In healthy, bio-diverse gardens, beneficial insects perform the valuable role of managing destructive insects. For instance, our native Lady Beetles feast on aphids, thrips, scale and mealy bugs. If we spray with pesticides, we upset Nature’s delicate balance. The more we allow insects to do what they do best, the fewer infestations and problems we’ll face down the road.
Go easy on the mulch…
OK, so this is one of my biggest pet peeves. We have blindly accepted the notion that beds should be smothered in bark mulch and that this is somehow beneficial to plants and trees. Nothing could be further from the truth.
Yes, mulch helps reduce moisture loss and suppresses weeds. But if mulch is applied directly on top of a plant’s crown or piled up onto a tree’s bark, this is a recipe for disaster.
We’ve all seen, or have been a party to, the dreaded “mulch volcanos”. where mulch is repeatedly spread high up around a tree trunk year after year, until it ultimately looks like, well, a volcano. Think about it, does this look like something you would see in Nature? Nope. It not only looks ridiculous, but it leads to crown rot and harbors insects and rodents which will feast on the tree bark and eventually cause death. I have personally observed “death by mulch” in prospective clients’ gardens.
So, try to refrain from laying down more than 2-3” of mulch, or perhaps skip mulching this year and give last year’s mulch a chance to decompose and break down into the soil. Your garden beds are more likely to benefit from an inch of rich, organic compost instead.
If you do plan to mulch this year, I recommend heavily aged hemlock mulch blended with compost. If you can not find a blended compost/mulch product then first sprinkle granular organic fertilizer, like Espoma’s Plant Tone or Garden Tone, then lay an inch of organic compost around your plants. I like Coast of Maine products. Both Espoma and Coast of Maine fertilizers and soil amendments are available at Nashua Farmers’ Exchange). Finally, finish with 2” of aged bark mulch or leaf mulch, being careful not to smother the crown.

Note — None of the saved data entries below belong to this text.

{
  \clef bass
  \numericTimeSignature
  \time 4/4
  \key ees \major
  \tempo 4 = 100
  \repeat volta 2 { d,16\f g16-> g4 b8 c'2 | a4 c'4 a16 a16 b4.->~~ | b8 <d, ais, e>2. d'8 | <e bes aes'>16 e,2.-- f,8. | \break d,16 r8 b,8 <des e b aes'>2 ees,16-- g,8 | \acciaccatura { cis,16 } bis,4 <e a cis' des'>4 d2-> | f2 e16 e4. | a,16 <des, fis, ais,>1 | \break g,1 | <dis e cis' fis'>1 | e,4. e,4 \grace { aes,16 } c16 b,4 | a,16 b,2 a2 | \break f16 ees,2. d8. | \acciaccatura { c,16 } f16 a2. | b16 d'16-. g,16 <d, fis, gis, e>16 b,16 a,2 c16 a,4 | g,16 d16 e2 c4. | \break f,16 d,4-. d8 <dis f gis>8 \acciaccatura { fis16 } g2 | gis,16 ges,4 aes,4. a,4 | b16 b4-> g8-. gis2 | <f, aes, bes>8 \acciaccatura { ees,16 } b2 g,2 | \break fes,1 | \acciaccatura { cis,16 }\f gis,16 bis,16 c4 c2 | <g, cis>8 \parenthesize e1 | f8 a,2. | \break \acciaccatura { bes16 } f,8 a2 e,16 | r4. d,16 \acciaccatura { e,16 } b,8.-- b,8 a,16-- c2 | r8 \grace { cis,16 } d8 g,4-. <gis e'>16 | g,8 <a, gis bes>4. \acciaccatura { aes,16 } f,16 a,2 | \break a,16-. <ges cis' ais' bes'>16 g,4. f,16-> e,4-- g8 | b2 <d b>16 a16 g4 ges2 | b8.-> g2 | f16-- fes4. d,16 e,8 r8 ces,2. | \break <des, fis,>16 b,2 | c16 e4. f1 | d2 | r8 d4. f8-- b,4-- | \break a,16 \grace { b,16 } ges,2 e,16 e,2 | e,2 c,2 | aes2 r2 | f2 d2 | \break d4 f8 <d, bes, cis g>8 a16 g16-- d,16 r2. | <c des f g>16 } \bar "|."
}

Avoid mulch with color enhancers as they provide no benefit to your garden and can actually be harmful. Here’s a helpful article from a reliable source about the dangers of colored mulch.

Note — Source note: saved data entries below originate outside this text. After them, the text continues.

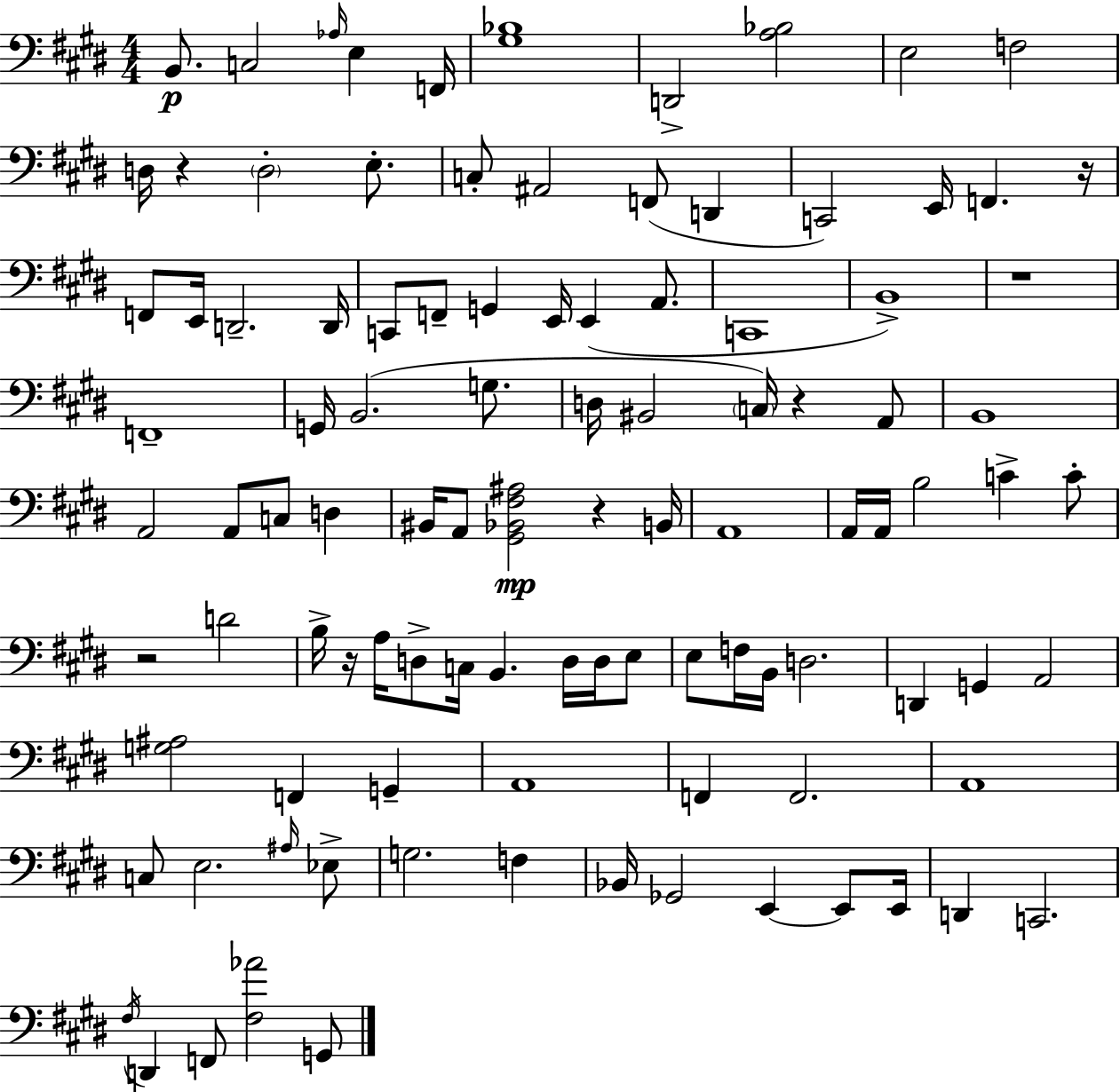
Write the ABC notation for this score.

X:1
T:Untitled
M:4/4
L:1/4
K:E
B,,/2 C,2 _A,/4 E, F,,/4 [^G,_B,]4 D,,2 [A,_B,]2 E,2 F,2 D,/4 z D,2 E,/2 C,/2 ^A,,2 F,,/2 D,, C,,2 E,,/4 F,, z/4 F,,/2 E,,/4 D,,2 D,,/4 C,,/2 F,,/2 G,, E,,/4 E,, A,,/2 C,,4 B,,4 z4 F,,4 G,,/4 B,,2 G,/2 D,/4 ^B,,2 C,/4 z A,,/2 B,,4 A,,2 A,,/2 C,/2 D, ^B,,/4 A,,/2 [^G,,_B,,^F,^A,]2 z B,,/4 A,,4 A,,/4 A,,/4 B,2 C C/2 z2 D2 B,/4 z/4 A,/4 D,/2 C,/4 B,, D,/4 D,/4 E,/2 E,/2 F,/4 B,,/4 D,2 D,, G,, A,,2 [G,^A,]2 F,, G,, A,,4 F,, F,,2 A,,4 C,/2 E,2 ^A,/4 _E,/2 G,2 F, _B,,/4 _G,,2 E,, E,,/2 E,,/4 D,, C,,2 ^F,/4 D,, F,,/2 [^F,_A]2 G,,/2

If you or your landscaper have already laid down mulch, I highly recommend that you gently pull any mulch back away from the crowns of shrubs, and from the trunks of trees, exposing the tree “flare”. You will be rewarded with healthier, more beautiful, longer-living plants.

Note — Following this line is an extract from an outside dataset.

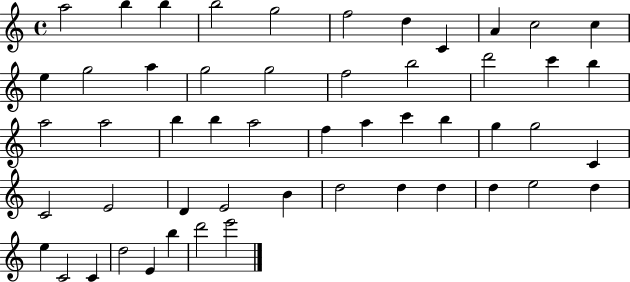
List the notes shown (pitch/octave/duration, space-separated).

A5/h B5/q B5/q B5/h G5/h F5/h D5/q C4/q A4/q C5/h C5/q E5/q G5/h A5/q G5/h G5/h F5/h B5/h D6/h C6/q B5/q A5/h A5/h B5/q B5/q A5/h F5/q A5/q C6/q B5/q G5/q G5/h C4/q C4/h E4/h D4/q E4/h B4/q D5/h D5/q D5/q D5/q E5/h D5/q E5/q C4/h C4/q D5/h E4/q B5/q D6/h E6/h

As Keeper of your garden, your efforts to restore a healthy balance will be rewarded as plants thrive and pollinators feast. Your gardens will be easier to manage, but they will still benefit from your attention.
As we welcome the new season, I ask readers to shift their thinking and update their vocabulary, replacing “maintain” with “nurture”. Why?
“Maintaining" a garden has a negative connotation and for most people means work and drudgery. It frequently involves tools of destruction . . . and an indifference to the needs of the wildlife that is necessary to support biodiversity.
“Nurturing” a garden means relishing the opportunity to immerse ourselves in the magic of our garden – to favor a light touch, and to observe mysterious creatures and wondrous happenings at the plant and soil level. We derive a sense of purpose and accomplishment as we carefully tend to our garden’s needs, being careful not to upset nature’s perfect balance. We are resolute in our role as Steward of the Land.